Saved entries
»»
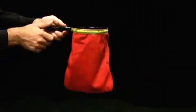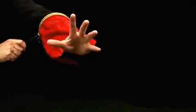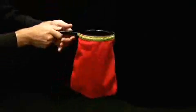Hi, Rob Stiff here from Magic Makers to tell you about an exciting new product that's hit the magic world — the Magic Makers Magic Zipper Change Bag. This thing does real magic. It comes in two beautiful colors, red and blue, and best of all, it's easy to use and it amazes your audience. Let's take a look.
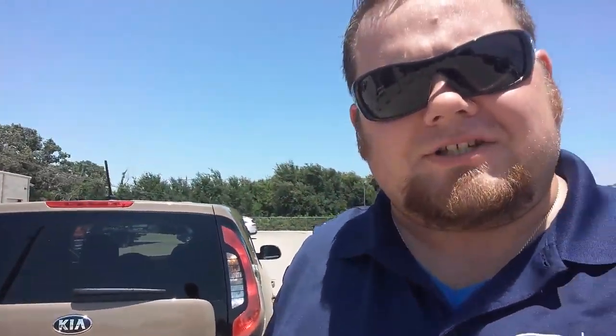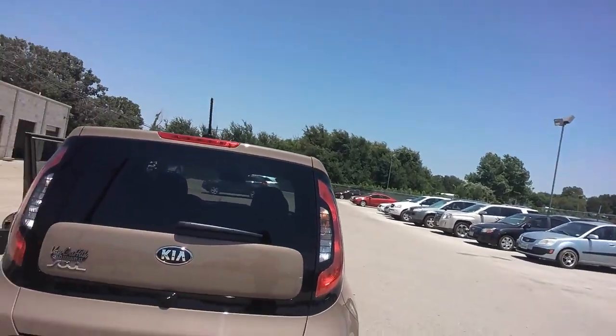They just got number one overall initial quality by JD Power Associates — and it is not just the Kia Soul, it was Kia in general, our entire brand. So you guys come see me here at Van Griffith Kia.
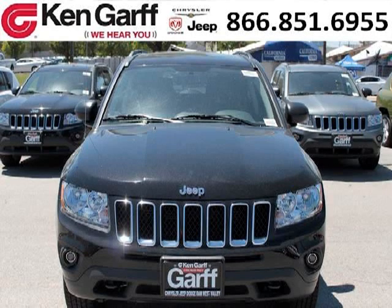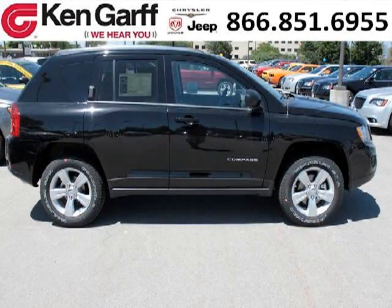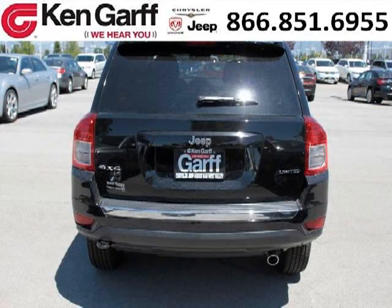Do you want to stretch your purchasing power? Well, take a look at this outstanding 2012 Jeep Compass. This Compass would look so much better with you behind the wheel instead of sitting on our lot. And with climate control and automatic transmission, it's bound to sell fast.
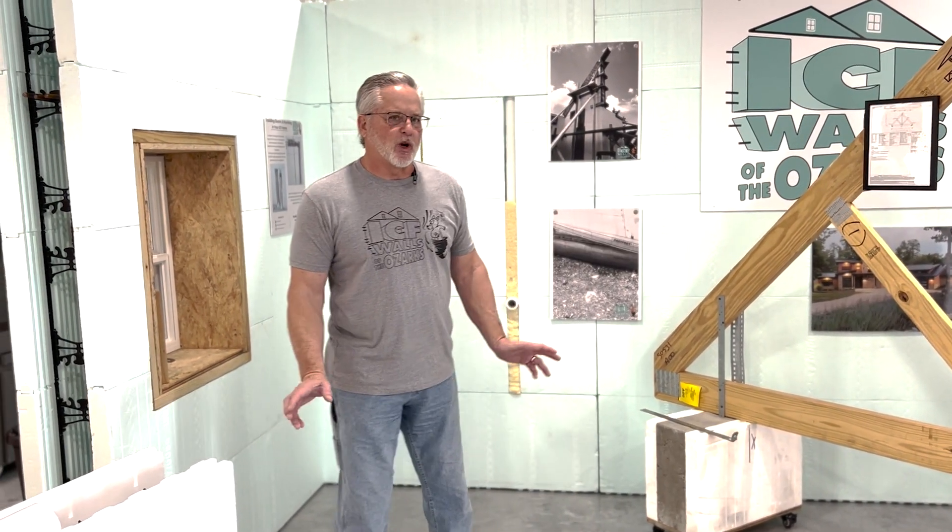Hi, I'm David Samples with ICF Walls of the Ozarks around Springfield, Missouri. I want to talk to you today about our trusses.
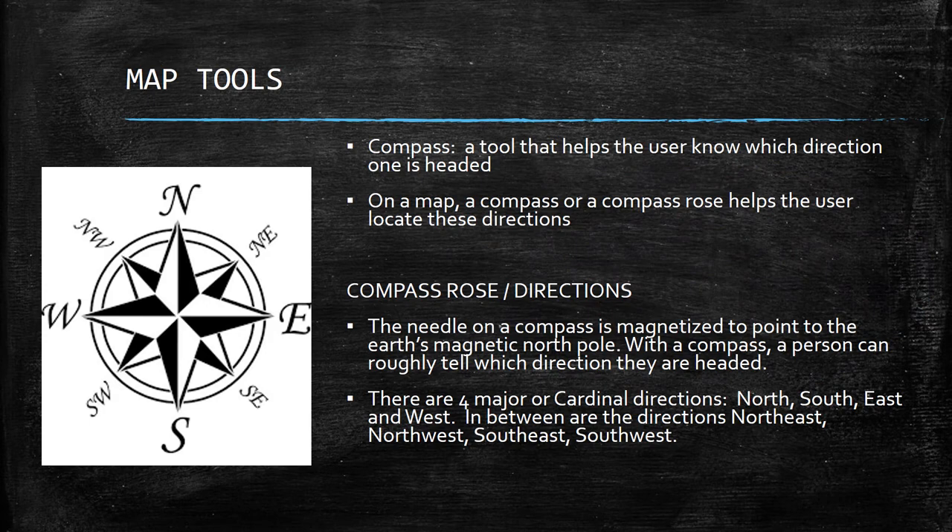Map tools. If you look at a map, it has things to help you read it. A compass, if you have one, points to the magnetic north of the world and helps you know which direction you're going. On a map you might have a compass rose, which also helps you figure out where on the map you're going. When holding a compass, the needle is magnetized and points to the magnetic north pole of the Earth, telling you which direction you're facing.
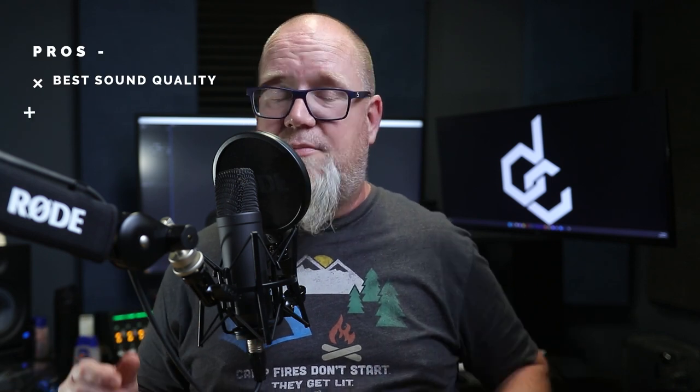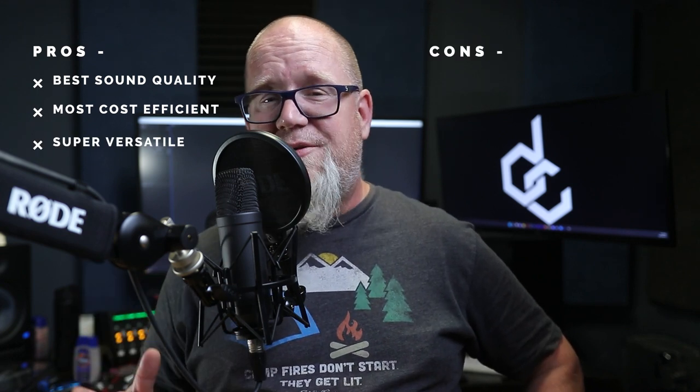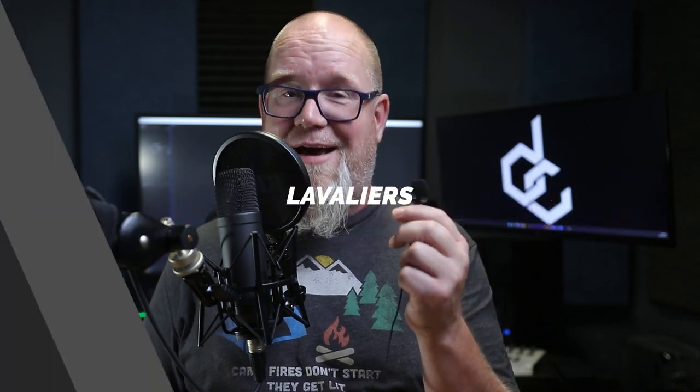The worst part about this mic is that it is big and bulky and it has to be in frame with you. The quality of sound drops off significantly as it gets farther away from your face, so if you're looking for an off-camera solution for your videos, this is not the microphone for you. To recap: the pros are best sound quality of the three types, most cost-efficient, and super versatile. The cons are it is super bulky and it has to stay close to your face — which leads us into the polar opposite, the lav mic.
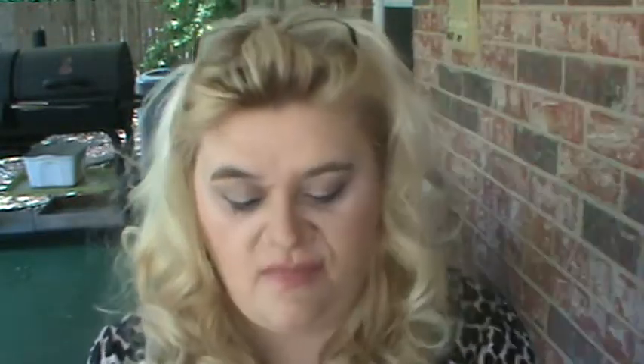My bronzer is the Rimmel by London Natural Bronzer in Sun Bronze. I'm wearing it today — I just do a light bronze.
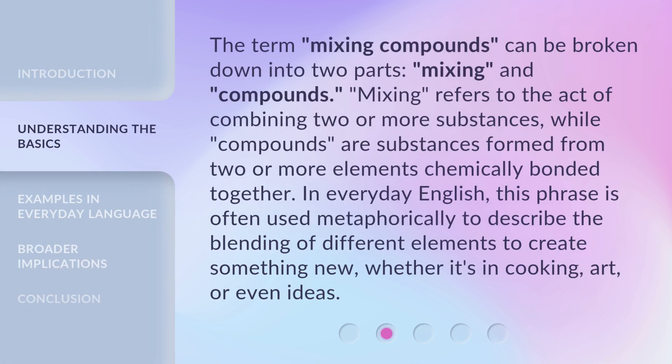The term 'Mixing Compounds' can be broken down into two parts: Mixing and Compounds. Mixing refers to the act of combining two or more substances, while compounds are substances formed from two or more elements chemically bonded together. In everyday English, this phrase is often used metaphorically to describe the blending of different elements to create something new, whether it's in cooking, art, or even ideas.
««
YOUR ASSIGNMENT: Write out, word for word, the lines from the start of the data through the one holding "Hi, I'm David". Omit pictures.

EXERCISE RESPONSE:
Hi, Rob Stiff here from Magic Makers to tell you about an exciting new product that's hit the magic world — the Magic Makers Magic Zipper Change Bag. This thing does real magic. It comes in two beautiful colors, red and blue, and best of all, it's easy to use and it amazes your audience. Let's take a look.
They just got number one overall initial quality by JD Power Associates — and it is not just the Kia Soul, it was Kia in general, our entire brand. So you guys come see me here at Van Griffith Kia.
Do you want to stretch your purchasing power? Well, take a look at this outstanding 2012 Jeep Compass. This Compass would look so much better with you behind the wheel instead of sitting on our lot. And with climate control and automatic transmission, it's bound to sell fast.
Hi, I'm David Samples with ICF Walls of the Ozarks around Springfield, Missouri. I want to talk to you today about our trusses.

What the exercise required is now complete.